III B. Musiques cubaines, interprètes mexicains

Vers le milieu du XXe siècle, la musique cubaine connaît une période de diffusion massive, en particulier grâce à l’essor de l’industrie discographique et de la radio, qui contribuent à populariser les rythmes et les mélodies de Cuba à l’étranger. Cette musique entraînante pour la rumba ou mélodique et sentimentale pour le boléro, est à la mode dans toute la région caraïbe et même au-delà dans les années 1940 et 1950, et elle participe à l’élaboration d’une certaine image de la ‘«’ ‘ cubanité ’» mise en scène dans les films. Certains commentateurs voient même dans ce phénomène l’affirmation du caractère ‘«’ ‘ néo-colonial ’» de la société cubaine :

‘Dans les années 1940-50 l’identité est ‘ouverte’ sur le monde et c’est dans cette ouverture que les enjeux identitaires ont lieu. C’est l’époque néo-coloniale, avec une forte influence nord-américaine et une puisante industrie du disque qui met sur le marché international de la musique les pratiques musicales exotiques de la néo-colonie. C’est ‘l’âge d’or de la musique cubaine’ 278 .’

On peut sans doute discuter de l’emploi du terme de ‘«’ ‘ néo-colonie ’», ce qui n’est pas notre propos : soulignons plutôt que la musique est perçue comme l’un des éléments permettant de donner une image ‘«’ ‘ exotique ’» de Cuba, largement relayée par la présence des rumberas sur les écrans.

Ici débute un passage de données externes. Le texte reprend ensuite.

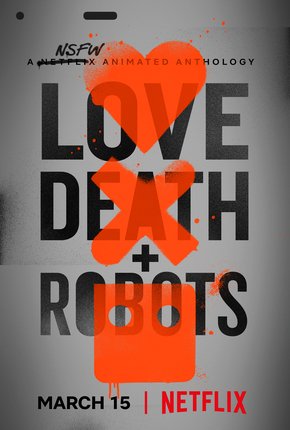 Love, Death and Robots 1ª Temporada Completa (WEB)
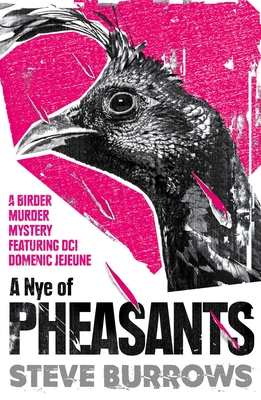 A Nye of Pheasants: Birder Murder Mysteries Cover Image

Cette image de Cuba diffusée à l’étranger est à l’origine d’un débat ‘«’ ‘ identitaire ’», dans lequel de nombreux intervenants se demandent s’il ne s’agit pas d’une vision réductrice du patrimoine culturel de leur pays 279 .

Dans ce contexte, le rôle joué par le Mexique est déterminant : de grands noms de la musique mexicaine fondent leur renommée sur des genres musicaux cubains, et les films étudiés en sont d’éloquents témoins. Leur renommée dépasse de loin les frontières de leur propre pays, pour atteindre l’Argentine. La diffusion de la musique et celle du cinéma sont parallèles :

‘Le boléro est d’origine cubaine mais il doit sa dimension internationale au talent des Mexicains. Alfonso Ortiz Tirado, Tito Guizar et Elvira Ríos ont interprété, dans les villes de la Plata, de magnifiques boléros, ceux d’Agustín Lara étant les préférés […].
Deux événements, sans rapport direct, mais simultanés, vont contribuer, d’une manière imprévue mais préoccupante, au recul du Tango.
Il s’agit, d’une part, du déclin du cinéma argentin qui profite au cinéma mexicain. D’autre part, le gouvernement militaire du Général Ramírez […] censure les textes des tangos 280 .’

Musicaux par essence dès les premières œuvres parlantes, les films argentins et mexicains sont en fait concurrents, dans une bataille commerciale qui tourne à l’avantage des seconds après la deuxième guerre mondiale 281 . Les aléas du succès de ces cinémas nationaux sont lourds de conséquences pour la musique qu’ils utilisent largement. La première phrase de Ferrer semble quelque peu lapidaire. Il fait en effet bien peu de cas des compositeurs de boléros cubains dont la renommée, là aussi en grande partie due aux films ayant permis de diffuser leur musique, a été bien plus grande qu’il ne le laisse penser : pensons à Alberto Lecuona, ou encore Rita Montaner, entre autres. Toutefois, une figure emblématique de l’appropriation par le Mexique du boléro cubain apparaît : Agustín Lara. L’importance de ce compositeur est immense, et Iris Zavala a trouvé à son propos une très jolie formule pour le caractériser, en évoquant ‘«’ ‘ la alquimia del piano filosofal de Agustín Lara’ 282 . »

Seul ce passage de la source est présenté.